Your company has a critical Azure SQL Database named SalesDB in the West US region. To meet disaster recovery requirements, you configured active geo-replication with a readable secondary replica in East US. You need to automate failover in the event of a regional outage. The solution must ensure that the failover is initiated automatically based on health metrics and that the application connection string is updated to point to the new primary. Currently, the application uses a connection string with the primary server name. You have the following requirements: minimize manual intervention, use built-in Azure features, and ensure that failover is tested regularly. You consider the following options: A) Use Azure Traffic Manager with endpoint monitoring to route traffic to the primary and automatically failover. B) Configure auto-failover group with read-write failover policy and grace period. C) Create an Azure Logic App that queries the database health and runs a PowerShell script to perform failover and update DNS. D) Use Azure Automation with a runbook that checks the database status and initiates failover via REST API. Which option best meets the requirements?

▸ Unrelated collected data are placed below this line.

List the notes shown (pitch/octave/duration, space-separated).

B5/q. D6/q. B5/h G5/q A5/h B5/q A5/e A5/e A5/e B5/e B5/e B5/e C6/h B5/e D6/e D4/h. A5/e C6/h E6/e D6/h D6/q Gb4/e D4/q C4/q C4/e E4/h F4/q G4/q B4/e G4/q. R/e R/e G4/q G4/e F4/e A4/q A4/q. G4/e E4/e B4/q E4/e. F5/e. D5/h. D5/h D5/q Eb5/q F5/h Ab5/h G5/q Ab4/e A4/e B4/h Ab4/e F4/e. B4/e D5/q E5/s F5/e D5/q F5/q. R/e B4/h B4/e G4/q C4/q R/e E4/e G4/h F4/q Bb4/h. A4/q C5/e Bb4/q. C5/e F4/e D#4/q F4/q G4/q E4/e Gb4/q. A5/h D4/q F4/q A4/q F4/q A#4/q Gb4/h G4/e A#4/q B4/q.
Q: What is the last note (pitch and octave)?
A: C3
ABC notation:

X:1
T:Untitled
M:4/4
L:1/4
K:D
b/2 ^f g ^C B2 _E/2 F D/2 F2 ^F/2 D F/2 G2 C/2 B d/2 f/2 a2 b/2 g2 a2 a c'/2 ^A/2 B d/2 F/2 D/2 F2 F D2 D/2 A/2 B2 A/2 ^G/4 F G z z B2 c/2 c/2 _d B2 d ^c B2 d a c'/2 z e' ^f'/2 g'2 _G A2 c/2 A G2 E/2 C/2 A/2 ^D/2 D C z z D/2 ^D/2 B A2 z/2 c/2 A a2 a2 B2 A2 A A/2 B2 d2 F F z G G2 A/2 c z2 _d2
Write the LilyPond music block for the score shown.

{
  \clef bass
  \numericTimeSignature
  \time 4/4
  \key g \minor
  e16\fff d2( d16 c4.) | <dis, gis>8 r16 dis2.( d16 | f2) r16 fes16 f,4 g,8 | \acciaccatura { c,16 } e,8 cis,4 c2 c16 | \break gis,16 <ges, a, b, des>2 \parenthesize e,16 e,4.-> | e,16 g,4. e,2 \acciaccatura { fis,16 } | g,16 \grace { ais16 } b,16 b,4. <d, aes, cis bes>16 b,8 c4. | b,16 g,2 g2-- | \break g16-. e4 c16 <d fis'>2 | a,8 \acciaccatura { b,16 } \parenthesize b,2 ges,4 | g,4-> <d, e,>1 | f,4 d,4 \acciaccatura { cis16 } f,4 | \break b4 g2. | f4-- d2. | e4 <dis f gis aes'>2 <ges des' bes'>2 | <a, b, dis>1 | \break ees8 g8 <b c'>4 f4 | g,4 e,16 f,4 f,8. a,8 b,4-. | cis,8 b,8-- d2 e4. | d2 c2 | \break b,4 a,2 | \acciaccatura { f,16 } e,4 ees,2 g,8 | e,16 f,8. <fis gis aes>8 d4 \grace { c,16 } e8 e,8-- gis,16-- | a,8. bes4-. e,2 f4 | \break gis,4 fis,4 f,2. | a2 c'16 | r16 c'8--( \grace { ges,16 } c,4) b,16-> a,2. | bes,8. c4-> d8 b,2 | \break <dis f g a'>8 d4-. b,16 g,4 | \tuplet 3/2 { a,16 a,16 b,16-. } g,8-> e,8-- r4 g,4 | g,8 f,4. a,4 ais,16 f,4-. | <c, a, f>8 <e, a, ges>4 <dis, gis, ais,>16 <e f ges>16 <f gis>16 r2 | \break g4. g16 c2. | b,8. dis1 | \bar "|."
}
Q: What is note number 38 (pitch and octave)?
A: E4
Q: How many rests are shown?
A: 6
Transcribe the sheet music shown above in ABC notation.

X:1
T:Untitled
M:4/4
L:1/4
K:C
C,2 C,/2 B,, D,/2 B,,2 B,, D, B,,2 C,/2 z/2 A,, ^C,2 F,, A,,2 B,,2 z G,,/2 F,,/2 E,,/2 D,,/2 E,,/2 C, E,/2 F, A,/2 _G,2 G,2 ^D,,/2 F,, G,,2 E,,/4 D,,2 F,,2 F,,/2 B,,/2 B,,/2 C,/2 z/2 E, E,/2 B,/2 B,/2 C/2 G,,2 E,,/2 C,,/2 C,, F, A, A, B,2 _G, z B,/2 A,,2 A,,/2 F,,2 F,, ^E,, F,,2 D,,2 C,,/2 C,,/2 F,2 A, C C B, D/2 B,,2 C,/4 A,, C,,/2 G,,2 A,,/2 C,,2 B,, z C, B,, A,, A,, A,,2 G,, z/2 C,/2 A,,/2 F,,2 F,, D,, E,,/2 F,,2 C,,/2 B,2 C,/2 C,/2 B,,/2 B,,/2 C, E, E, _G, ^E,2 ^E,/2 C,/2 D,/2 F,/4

Auto-failover groups automatically fail over based on health metrics and provide a listener endpoint that updates automatically.
Why this answer
Option C is correct because auto-failover groups are the built-in Azure feature designed specifically for automating failover of Azure SQL Database geo-replication. They support a read-write failover policy with a configurable grace period that automatically triggers failover based on health metrics, and they automatically update the connection string endpoint for applications using the failover group listener name, not the individual server name. This minimizes manual intervention and allows regular testing via manual failover without affecting the production environment.
Exam trap
The trap here is that candidates may think custom automation (Logic App or Automation runbook) is needed for automatic failover, but they overlook that auto-failover groups already provide built-in, policy-driven automatic failover with connection string transparency, which is the simplest and most reliable solution for this scenario.
How to eliminate wrong answers
Option A is wrong because Azure Traffic Manager operates at the DNS level and does not natively understand Azure SQL Database geo-replication health metrics; it cannot automatically trigger a geo-failover or update the database replication state, and it would require custom endpoint monitoring and manual failover scripts. Option B is wrong because creating a Logic App that runs a PowerShell script introduces custom code, manual maintenance, and potential latency, which does not minimize manual intervention or use built-in Azure features as effectively as auto-failover groups. Option D is wrong because Azure Automation with a runbook that checks database status and initiates failover via REST API is a custom solution that requires development, testing, and ongoing management, and it does not provide automatic connection string updates or the built-in grace period and health monitoring of auto-failover groups.